Work instructions
The task for the listing below is to write out exactly the lines starting at the one containing "Welcome to the" and ending at the one containing "So this is all", both included. Pictures are to be omitted.
==================================================
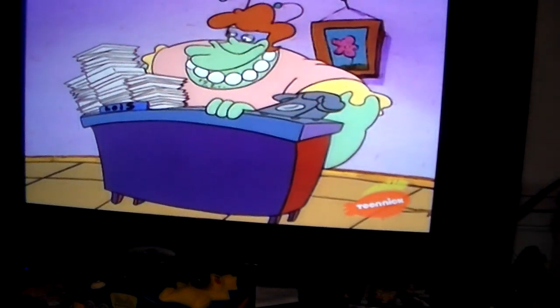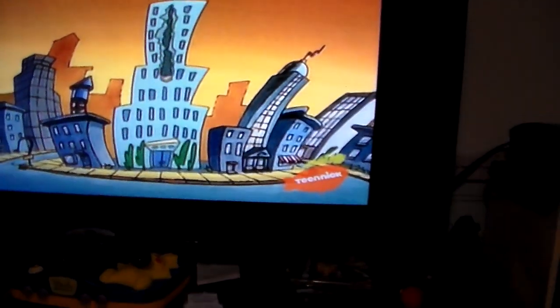I'm just watching some Rocko's Modern Life, but take a look at this glitch that I found. It's not that Awesomest TV is not on, but take a look at the bottom right. See that? That is not the right logo.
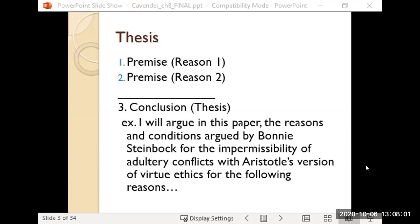Writing a thesis essay is very different from writing a story. In a story you leave the conclusion to the last moment — there might be a twist. This is the opposite: you want the reader to know exactly where you're going from the very beginning, then help them step by step to see how you got there. Here's an example thesis: 'I will argue in this paper that the reasons and conditions argued by Bonnie Steinbach for the impermissibility of adultery conflicts with Aristotle's version of virtue ethics for the following reasons.'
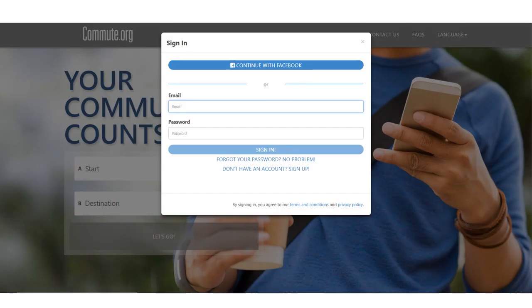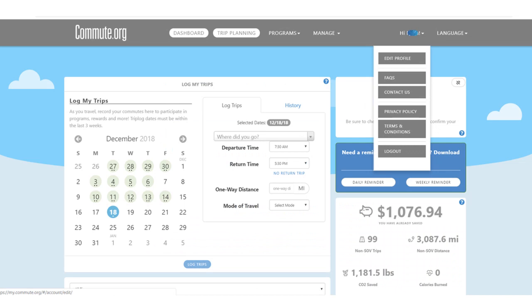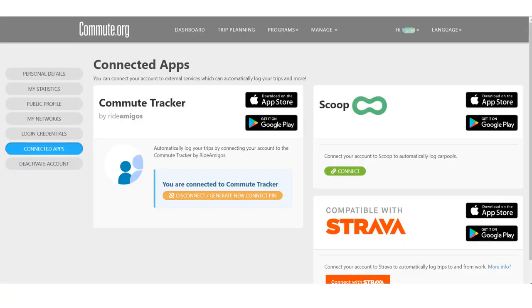First, register or sign in at my.commute.org. Then click on your name and edit profile. Click on connected apps in the left column. You should see Scoop as one of your options. Click connect.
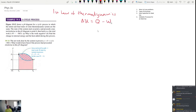When the system does work on its environment, W is positive. When heat comes into the system, Q is positive. When heat goes out, Q is negative. When work is done on the system, W is negative. So we'd like to use this to solve three more problems.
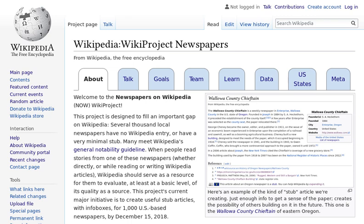Hi, I'm Pete Forsyth of Wikistrategies, and I'd like to show you a little bit about what we learn and what we do in the Wikiproject Newspapers project, also known as the Newspapers on Wikipedia project.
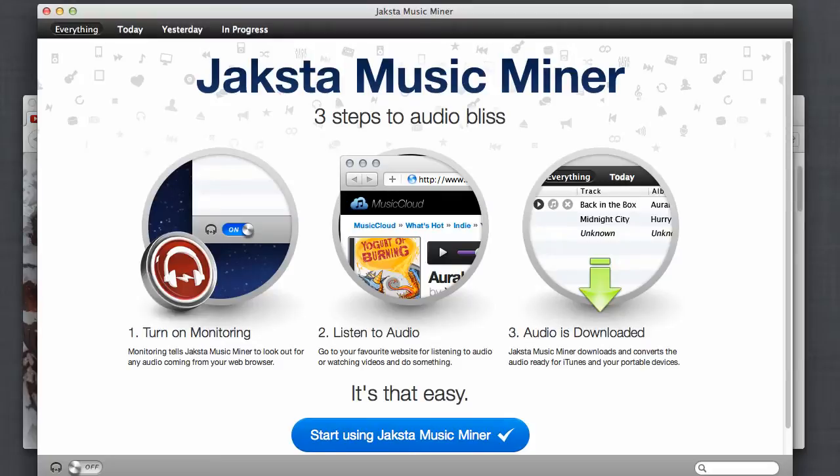Welcome to the amazing world of Jaksta Music Miner, the easiest way to save songs from the web to your Mac.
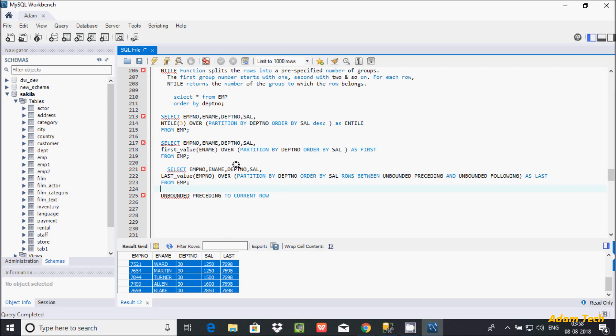So this is all about FIRST_VALUE and LAST_VALUE in MySQL database. I hope guys this video is helpful for you. This video is over now, thanks for watching, see you next week. Thank you.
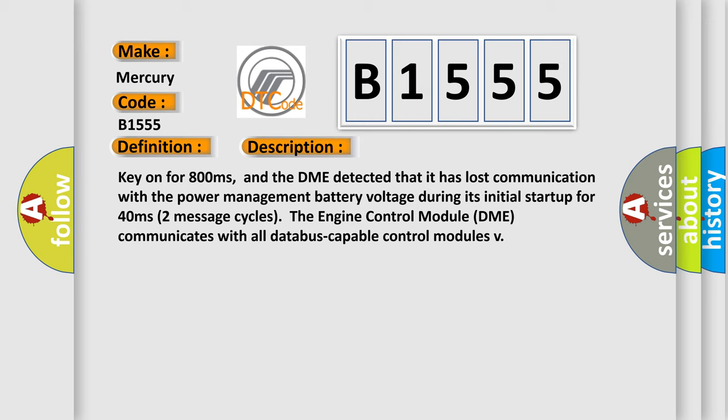Key on for 800 milliseconds, and the DME detected that it has lost communication with the power management battery voltage during its initial startup for 40 milliseconds. In two seconds, two message cycles, the engine control module DME communicates with all data bus capable control modules.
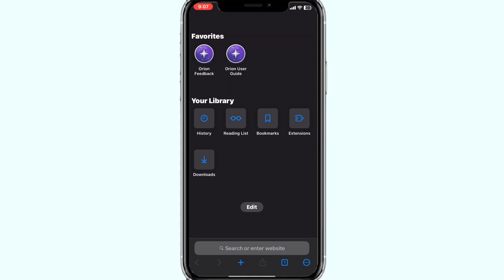So to get started, simply download the browser from the app store. I will provide the link in the description.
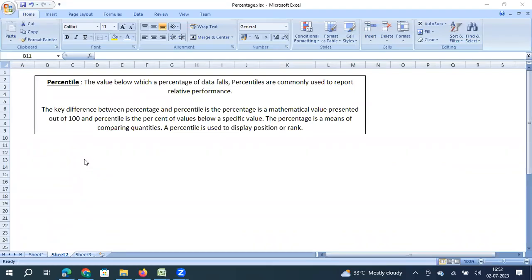Dear viewers, in this video we will understand the statistical concept of percentile. In one of our previous videos we explained percentage, and some responses we received for that video were to explain the difference between percentage and percentile. So to start with, we will understand what percentile means.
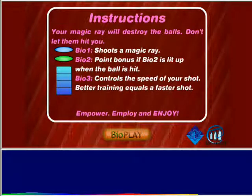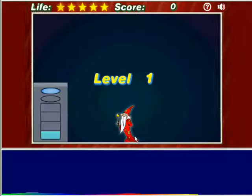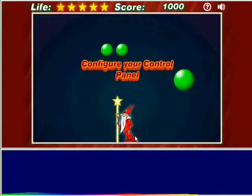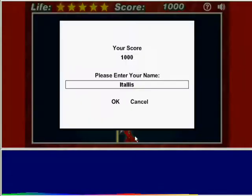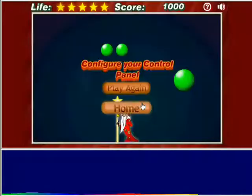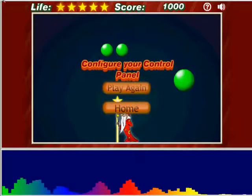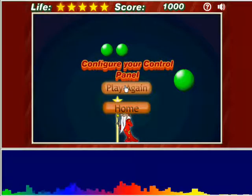Begin your training session before starting the game. If you start the game first, you may see the message: configure your control panel. Begin your session and press play again, or if for some reason the game does not begin, press home and then BioPlay.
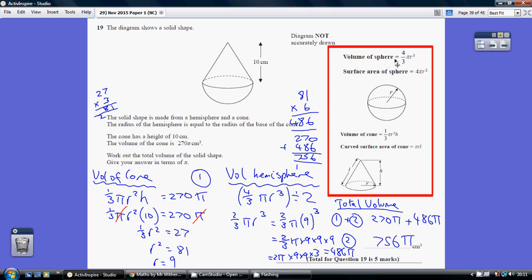The volume of a whole sphere is four thirds pi r cubed, so a hemisphere would be half of this: two thirds pi r cubed. We've just worked out the radius to be 9, so two thirds pi times 9 cubed gives 486 pi. The total volume of the two is the volume of the cone — 270 pi — plus 486 pi, which is 756 pi.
==================================================
Answer for the task
Welcome to the amazing world of Jaksta Music Miner, the easiest way to save songs from the web to your Mac.
So this is all about FIRST_VALUE and LAST_VALUE in MySQL database. I hope guys this video is helpful for you. This video is over now, thanks for watching, see you next week. Thank you.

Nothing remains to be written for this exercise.